▸ **DIRECTIONS**
Leave the pictures out. Return all other data exactly.

═══ RECORDED DATA

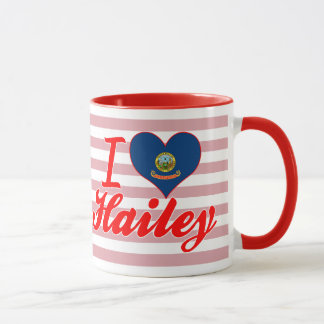 Tasse J'aime Hailey, Idaho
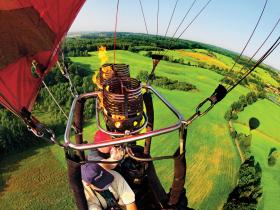 Okolice Olsztyna. Odurza przestrzeń i poczucie absolutnej wolności...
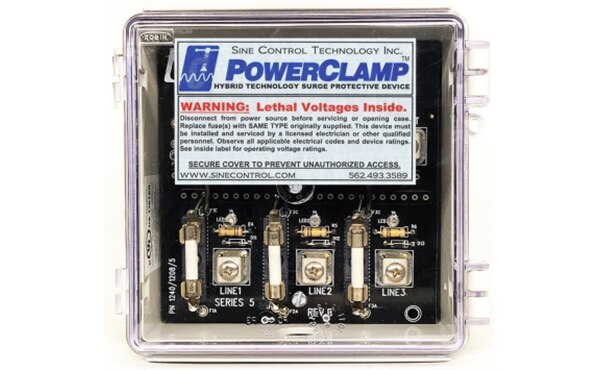 Image of Sine Control's POWERCLAMP Series 80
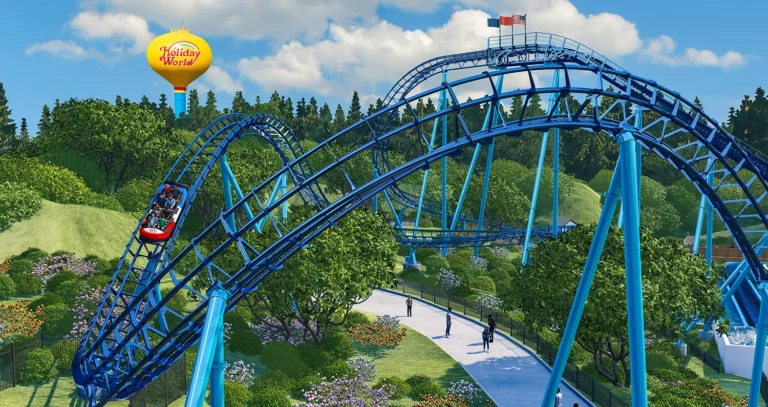 🌊 Coming to Holiday World & Splashin' Safari— May 2027 Cannonball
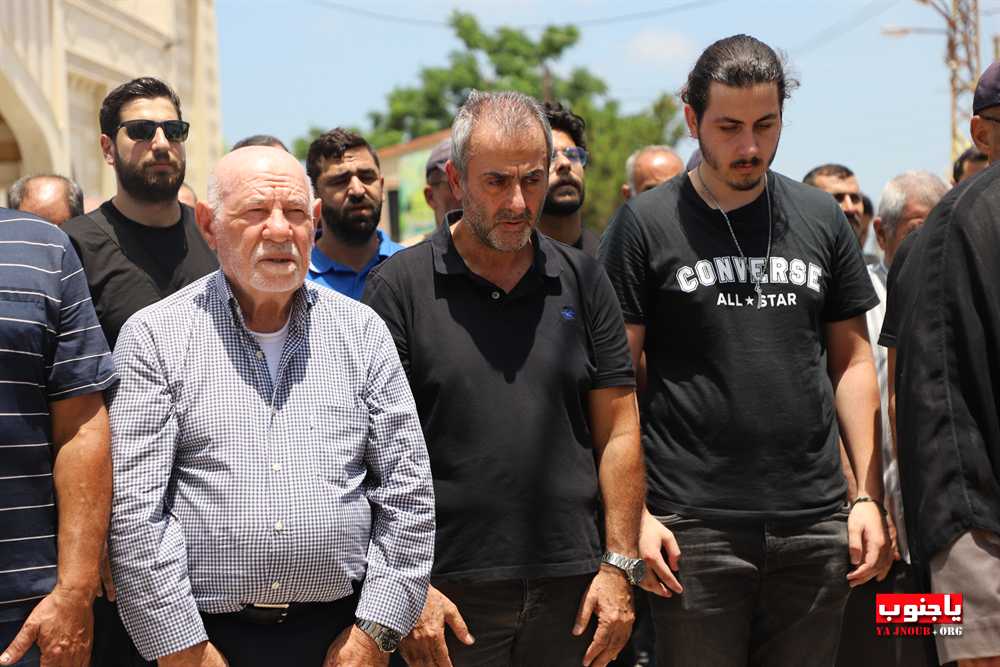 بلدة طيردبا شيعت الفقيدة الغالية زينب طبوش 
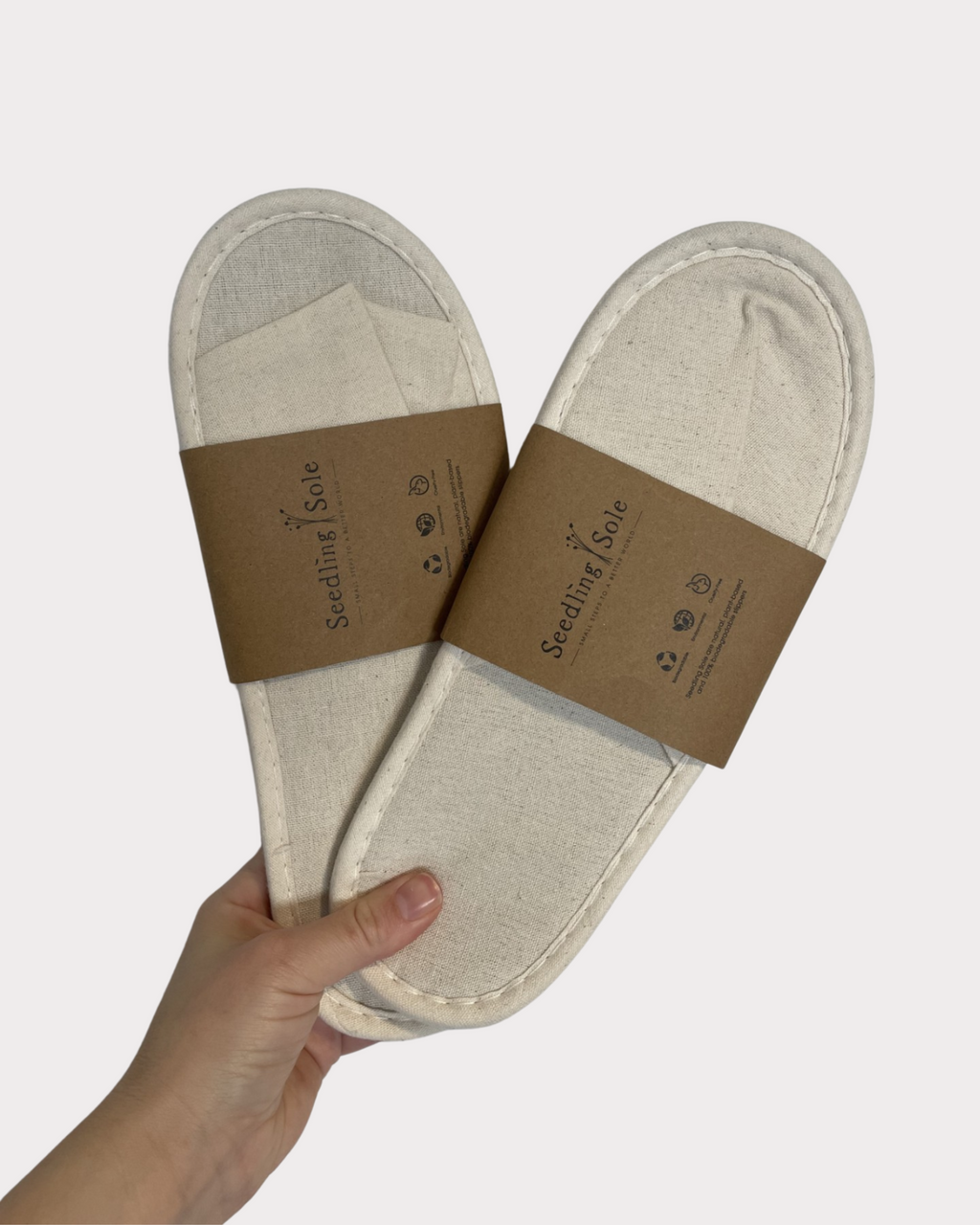 Compostable Slippers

══════

▸ **TASK ANSWER**
 Tasse J'aime Hailey, Idaho
 Okolice Olsztyna. Odurza przestrzeń i poczucie absolutnej wolności...
 Image of Sine Control's POWERCLAMP Series 80
 🌊 Coming to Holiday World & Splashin' Safari— May 2027 Cannonball
 بلدة طيردبا شيعت الفقيدة الغالية زينب طبوش 
 Compostable Slippers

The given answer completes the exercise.